[Study material Boundary: Start]
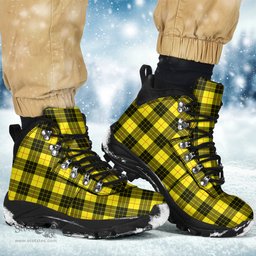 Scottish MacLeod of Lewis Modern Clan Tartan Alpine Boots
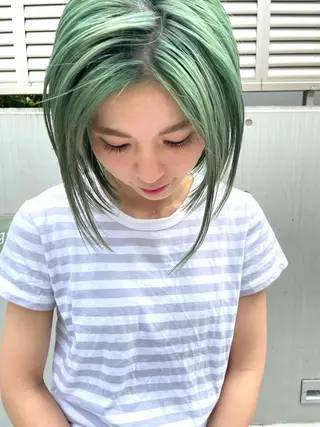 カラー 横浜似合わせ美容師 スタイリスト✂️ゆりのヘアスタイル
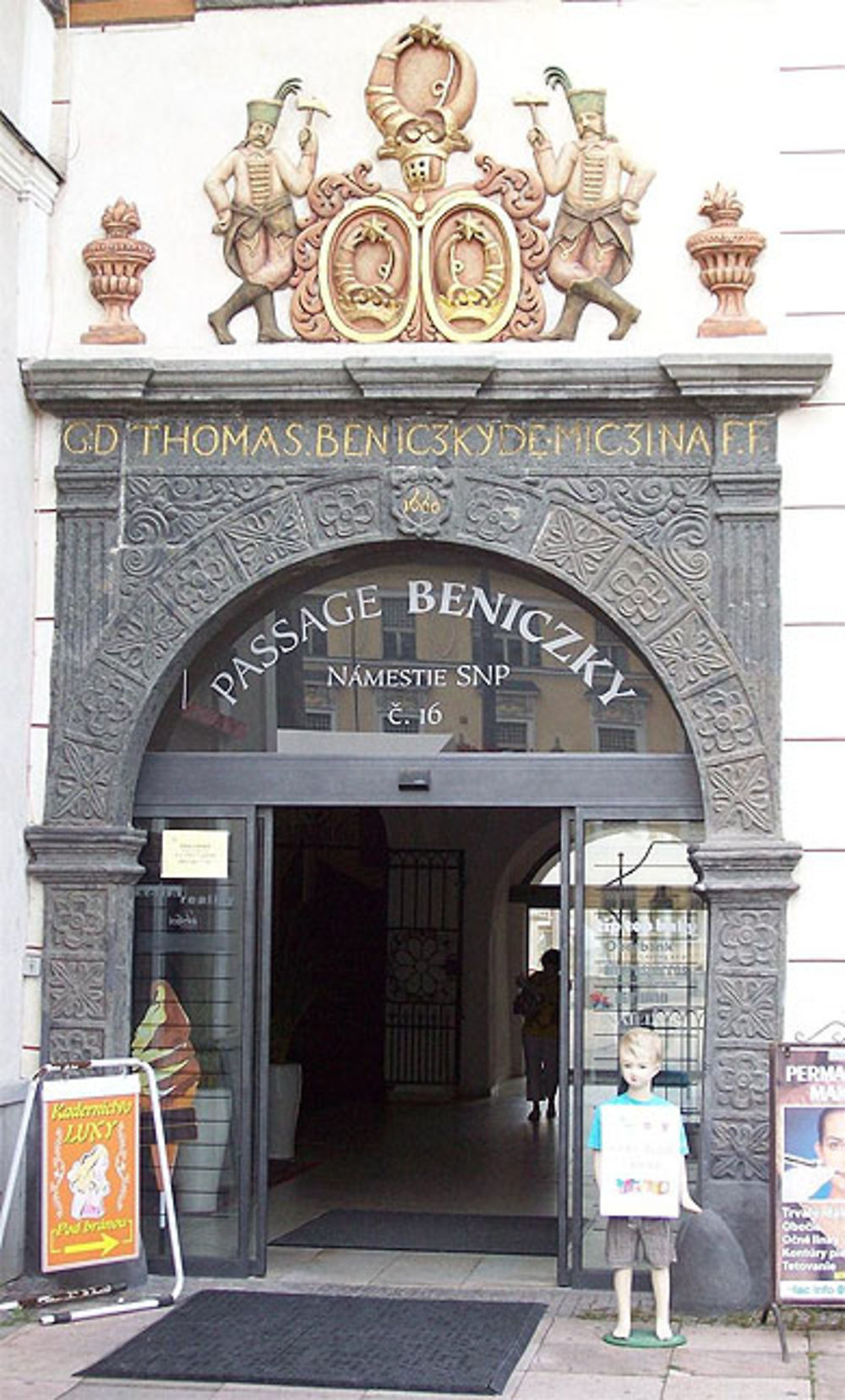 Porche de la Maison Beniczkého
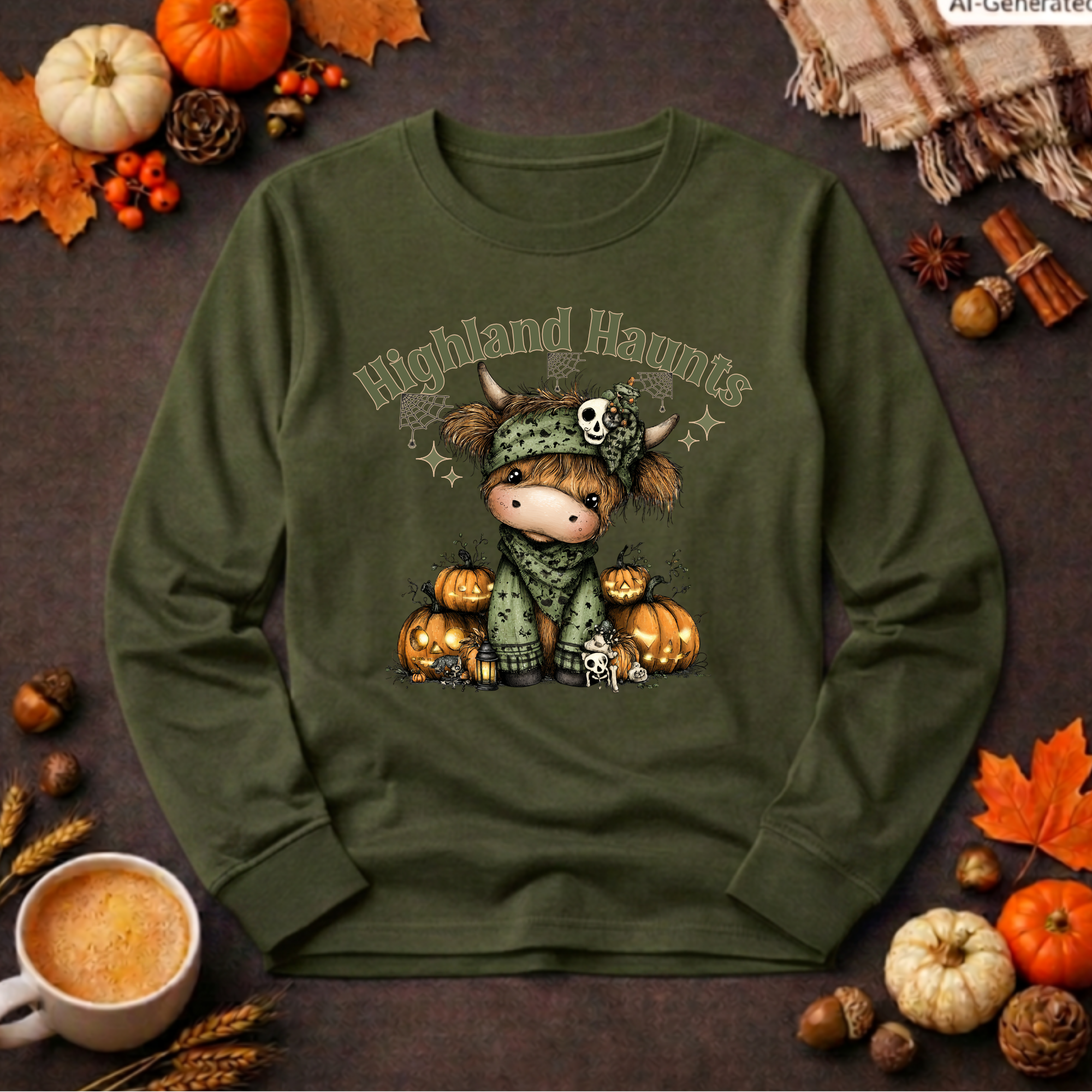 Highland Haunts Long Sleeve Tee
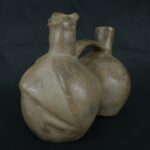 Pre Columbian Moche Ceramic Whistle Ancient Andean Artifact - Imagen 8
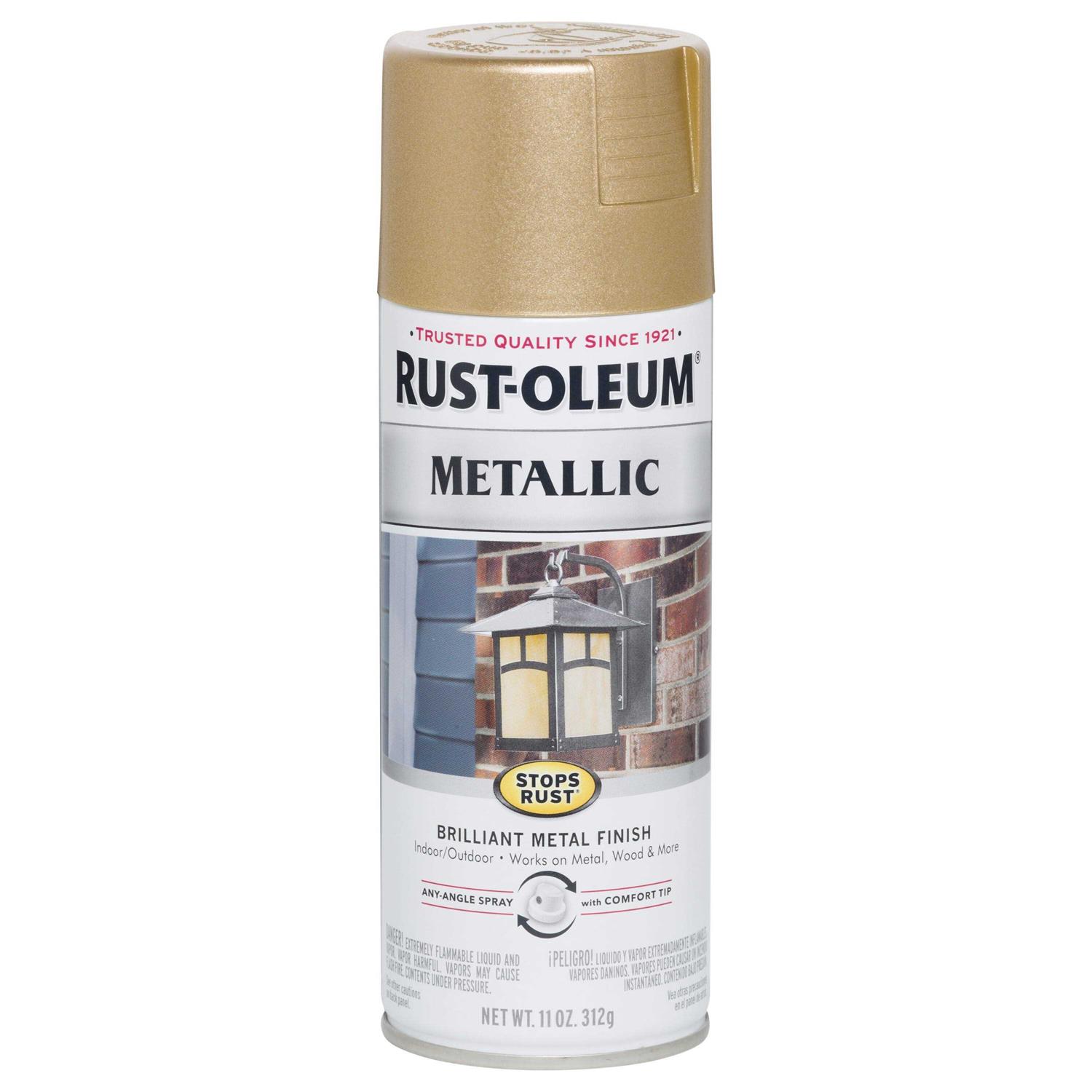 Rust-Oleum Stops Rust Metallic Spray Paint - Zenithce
[Study material Boundary: End]
§ **What to produce**: Return the material above verbatim. Pictures are to be excluded.

§ **Solution to this exercise**:
 Scottish MacLeod of Lewis Modern Clan Tartan Alpine Boots
 カラー 横浜似合わせ美容師 スタイリスト✂️ゆりのヘアスタイル
 Porche de la Maison Beniczkého
 Highland Haunts Long Sleeve Tee
 Pre Columbian Moche Ceramic Whistle Ancient Andean Artifact - Imagen 8
 Rust-Oleum Stops Rust Metallic Spray Paint - Zenithce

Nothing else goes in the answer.